Aussi, le demandeur à la cassation arguait de ce que le juge qui se prononce sur la recevabilité des conclusions signifiées avant le prononcé de l’ordonnance de clôture ne peut écarter des débats les pièces qui y sont jointes. En outre, la cour d’appel n’avait pas précisé les circonstances particulières qui, si les pièces nouvellement communiquées avaient été déclarées recevables, auraient concrètement empêché le respect du principe de la contradiction, et concluait à un manque de base légale sur le fondement des articles 15 et 16 du Code de procédure civile.
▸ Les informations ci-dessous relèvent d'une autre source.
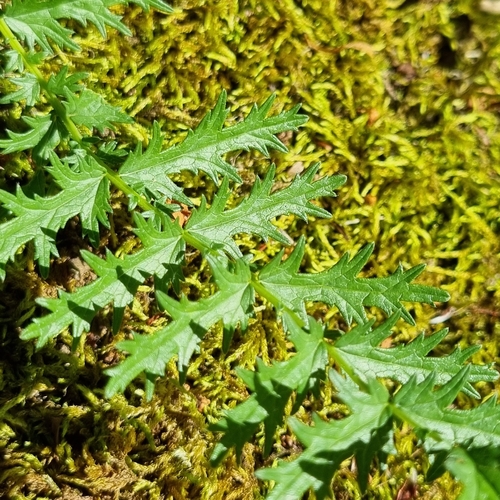 Filipendula vulgaris iNat (2)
Confirmation de l'écartement des pièces tardives et appréciation souveraine des juges du fond

Le pourvoi est rejeté par la deuxième chambre civile de la Cour de cassation dont la décision fait l’objet de la plus large publication : ayant souverainement retenu que le demandeur « n’avait pu valablement s’expliquer sur les dernières pièces produites la veille de l’ordonnance de clôture, ce dont il résultait qu’elles n’avaient pas été communiquées en temps utile, la cour d’appel en a exactement déduit que ces pièces devaient être écartées des débats quand bien même les dernières conclusions déposées par la société avaient été déclarées recevables ». La solution n’est pas nouvelle et s’inscrit dans une jurisprudence abondante ( R. Perrot, Ordonnance de clôture — Pièces déposées peu de temps avant la clôture : Procédures 2000, comm. 161 ) : une chambre mixte de la Cour de cassation avait notamment déjà jugé que la constatation des faits dont il résulte que certaines pièces versées aux débats avant la clôture ne l’ont pas été en temps utile relève de l’appréciation souveraine des juges du fond ( Cass. ch. mixte, 3 févr. 2006, n° 04-30.592, Sté Exacod c/ Sté L’Inventoriste et a. : JurisData n° 2006-032168 ; Procédures 2006, comm. 70, obs. R. Perrot ).